Transcribe the whole listing exactly; the images stay out.

##### LISTED ENTRIES #####

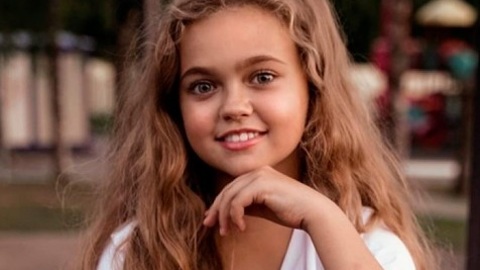 10-летняя калужанка признана самой красивой девочкой России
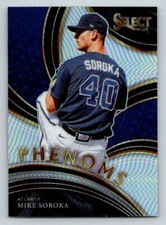 2021 Select Phenoms Holo #25 Mike Soroka (ref 204338)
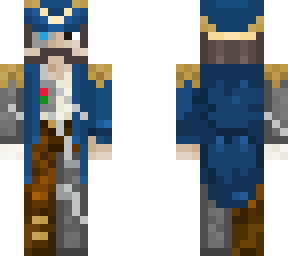 cyborg pirate 2.0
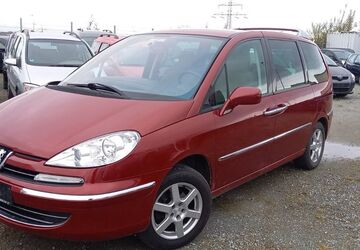 Peugeot 807 218.000 km 1.499 &euro; Rottenburg 84056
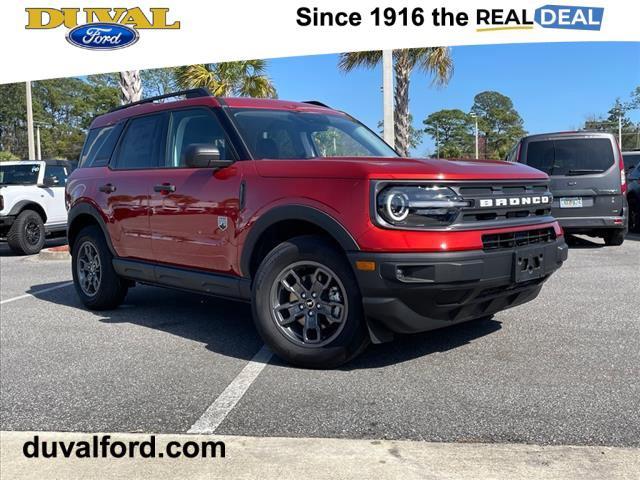 new 2024 Ford Bronco Sport car, priced at $29,866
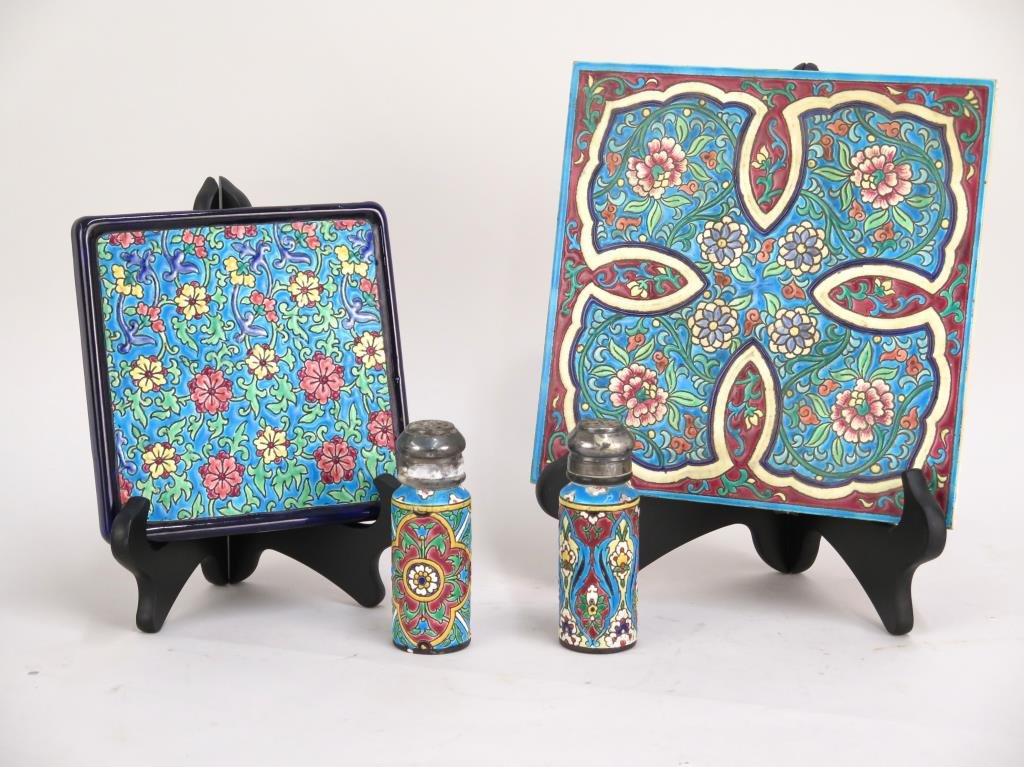 4 Longwy Articles (1 of 4)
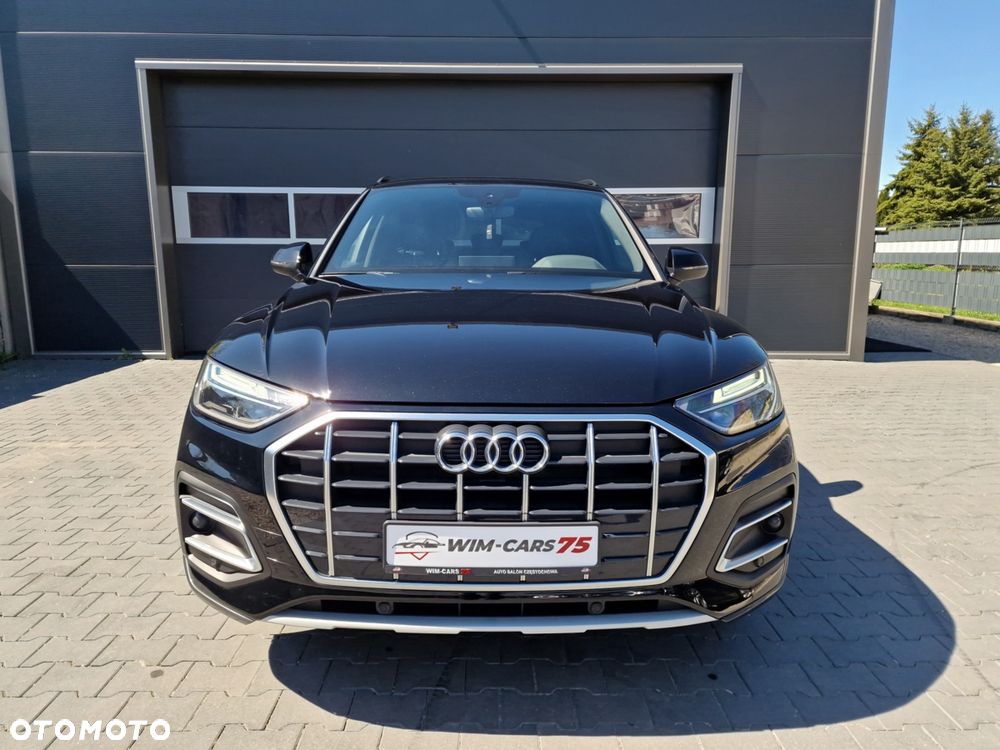 Audi Q5 35 TDI S tronic S line - 3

#####

→ **RESPONSE FOR THIS EXERCISE**:
 10-летняя калужанка признана самой красивой девочкой России
 2021 Select Phenoms Holo #25 Mike Soroka (ref 204338)
 cyborg pirate 2.0
 Peugeot 807 218.000 km 1.499 &euro; Rottenburg 84056
 new 2024 Ford Bronco Sport car, priced at $29,866
 4 Longwy Articles (1 of 4)
 Audi Q5 35 TDI S tronic S line - 3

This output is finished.